Fortunately it looks as though the not-quite-finalised event* will in fact be during our Reading week, and the 18th is the last day of term before the Easter hols so I’m guessing the students won’t mind that class being rearranged…

Sadly, though, I think the February seminar is out (sorry, Chris). But I don’t know what to do about the York conference. It’s an important conference and I really want to go along, but due to my own incompetence in missing the deadline I don’t have the excuse that I have to go to give a paper. And it could be bad enough rearranging the class once, let alone twice.

Dammit.

………….
* Which, by the way, is a study day on the history of crime in Wales, at Swansea. Anyone interested?


Hah! Progress

I have the outline and reading list for the first class of the semester. (Just need to pick some nice juicy documents to look at…). Which means, only 9 more to go.

If you’re interested, here’s a formal blurb and a list of the planned seminar topics. (Sorry if I’ve posted it before. I can’t remember.)

INVESTIGATING CRIME IN EARLY MODERN BRITAIN

(though it will probably be mainly England and Wales in reality…)

Brief description
This module will develop students’ critical awareness of historical sources and methods of research through examination of a range of sources relating to crime and the use of the law in early modern Britain and the varied ways in which historians have used them. It will introduce sources including legal records and official correspondence, pamphlets and polemics, criminal ‘biographies’ and trial reports. It will examine key historiographical debates on social relations and tensions, particularly gender, religion and ‘class’ conflict, as well as the importance of techniques and theories derived from other disciplines in the development of the historiography since the 1970s.

Content
1. Introduction
2. Prosecutions and punishments
3. To catch a thief
4. Crimes of blood
5. Riot and popular politics
6. Disputes and litigation
7. Morals and manners
8. Respectable fears and myths
9. Whose justice? Class, control and ideology
10. Witchcraft: a special case?

Does that sound fun?

And if nothing else, I’ve learned to write the right kind of form-filling babble. (You should see the buzz-words in the Learning Outcomes section. Oh yay.)


Back at work

And my teaching pages are sort of coming together:

General stuff

Online primary sources (updated version of a list I posted here a couple of months ago)

Glossary (has some formatting now)


Student history blogs

Student (group) blogging as an integral part of an American history survey course.

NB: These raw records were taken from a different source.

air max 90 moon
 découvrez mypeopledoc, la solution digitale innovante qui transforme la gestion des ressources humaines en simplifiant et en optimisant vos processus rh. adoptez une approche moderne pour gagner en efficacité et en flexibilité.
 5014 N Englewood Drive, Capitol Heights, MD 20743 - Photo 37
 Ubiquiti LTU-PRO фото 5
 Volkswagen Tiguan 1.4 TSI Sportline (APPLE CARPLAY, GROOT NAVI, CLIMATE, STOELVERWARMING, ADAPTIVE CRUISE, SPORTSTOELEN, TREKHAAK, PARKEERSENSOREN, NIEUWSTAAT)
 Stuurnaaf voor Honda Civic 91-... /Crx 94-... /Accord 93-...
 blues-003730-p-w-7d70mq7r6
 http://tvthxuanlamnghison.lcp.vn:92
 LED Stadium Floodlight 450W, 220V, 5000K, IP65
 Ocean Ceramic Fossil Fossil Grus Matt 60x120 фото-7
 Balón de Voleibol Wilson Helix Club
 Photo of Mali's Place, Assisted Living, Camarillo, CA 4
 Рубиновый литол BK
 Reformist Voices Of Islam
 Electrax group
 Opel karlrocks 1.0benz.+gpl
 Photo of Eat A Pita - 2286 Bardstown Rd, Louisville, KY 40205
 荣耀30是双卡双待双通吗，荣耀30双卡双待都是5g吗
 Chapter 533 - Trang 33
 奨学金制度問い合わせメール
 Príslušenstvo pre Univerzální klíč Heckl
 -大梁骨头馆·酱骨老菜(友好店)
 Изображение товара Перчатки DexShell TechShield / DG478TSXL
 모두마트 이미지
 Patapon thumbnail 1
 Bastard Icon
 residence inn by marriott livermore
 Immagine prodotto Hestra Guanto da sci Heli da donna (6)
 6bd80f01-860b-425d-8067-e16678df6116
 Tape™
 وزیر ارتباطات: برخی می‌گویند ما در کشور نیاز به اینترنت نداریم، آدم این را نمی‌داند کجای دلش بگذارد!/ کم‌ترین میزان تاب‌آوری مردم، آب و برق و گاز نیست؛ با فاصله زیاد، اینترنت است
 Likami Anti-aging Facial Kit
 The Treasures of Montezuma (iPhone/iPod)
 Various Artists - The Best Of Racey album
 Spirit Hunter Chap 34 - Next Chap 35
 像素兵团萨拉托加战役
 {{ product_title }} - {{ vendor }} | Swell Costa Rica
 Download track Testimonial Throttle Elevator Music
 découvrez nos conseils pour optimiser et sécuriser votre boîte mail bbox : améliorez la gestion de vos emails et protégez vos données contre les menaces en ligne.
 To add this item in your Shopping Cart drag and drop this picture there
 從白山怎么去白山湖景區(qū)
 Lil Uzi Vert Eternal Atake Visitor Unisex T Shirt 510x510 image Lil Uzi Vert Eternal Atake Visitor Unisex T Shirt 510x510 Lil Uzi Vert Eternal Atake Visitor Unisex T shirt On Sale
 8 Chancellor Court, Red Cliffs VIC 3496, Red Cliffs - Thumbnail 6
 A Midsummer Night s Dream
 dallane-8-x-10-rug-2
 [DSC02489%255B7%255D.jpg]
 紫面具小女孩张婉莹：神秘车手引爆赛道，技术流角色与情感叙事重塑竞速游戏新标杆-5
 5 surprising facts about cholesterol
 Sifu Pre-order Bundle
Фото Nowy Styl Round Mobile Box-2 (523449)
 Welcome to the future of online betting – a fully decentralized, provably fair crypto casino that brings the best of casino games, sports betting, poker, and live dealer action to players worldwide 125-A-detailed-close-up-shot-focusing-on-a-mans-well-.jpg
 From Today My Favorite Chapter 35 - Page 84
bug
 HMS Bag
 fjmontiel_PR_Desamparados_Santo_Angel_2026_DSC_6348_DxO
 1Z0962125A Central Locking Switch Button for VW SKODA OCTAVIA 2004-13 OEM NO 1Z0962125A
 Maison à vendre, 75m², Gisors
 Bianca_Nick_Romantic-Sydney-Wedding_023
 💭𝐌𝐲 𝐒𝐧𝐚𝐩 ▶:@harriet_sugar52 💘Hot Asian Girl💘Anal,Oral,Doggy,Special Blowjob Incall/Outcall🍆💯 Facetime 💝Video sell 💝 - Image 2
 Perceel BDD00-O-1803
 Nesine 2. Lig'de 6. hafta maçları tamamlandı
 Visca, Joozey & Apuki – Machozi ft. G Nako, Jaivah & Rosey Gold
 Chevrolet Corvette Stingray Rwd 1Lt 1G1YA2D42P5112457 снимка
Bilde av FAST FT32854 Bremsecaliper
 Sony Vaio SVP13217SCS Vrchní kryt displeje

But you’ll need to be quick, as the blogs themselves will probably disappear at the end of this term, certainly by the end of the month (which seems a shame to me since some of the students have clearly put a lot of work in; some might, I suppose, decide to continue the subscription. But even if you’d got the bug, wouldn’t you rather start up your own?). I can imagine using blogs as a teaching resource, like a notice board or a place to post assignments, readings and so on; getting students themselves to do it feels a much bigger step. At least one is pretty impressive (http://lionheart.typepad.com/history/), but I haven’t had time to explore the overall quality of the blogs. (And probably won’t get much time either…)


Glossary, again

I’ve just put online a revised draft of the Crime glossary. I’m not entirely happy with some of my definitions of officials (especially the London ones with which I’m not familiar), so those with more expertise than me are welcome to suggest better wordings. But apart from some formatting and the insertion of a few more dates, I think this is now close to completion. (Thankfully.) Well, I might want some more by way of modern criminology terms.

I’m still working on the lists of online texts and printed primary sources and they will hopefully go up before too long. I probably need to create a new index page for the teaching-related materials as well. (I suppose a ‘teaching’ category over here wouldn’t be a bad idea either…) And I want to put up more transcripts of Wales and Cheshire documents.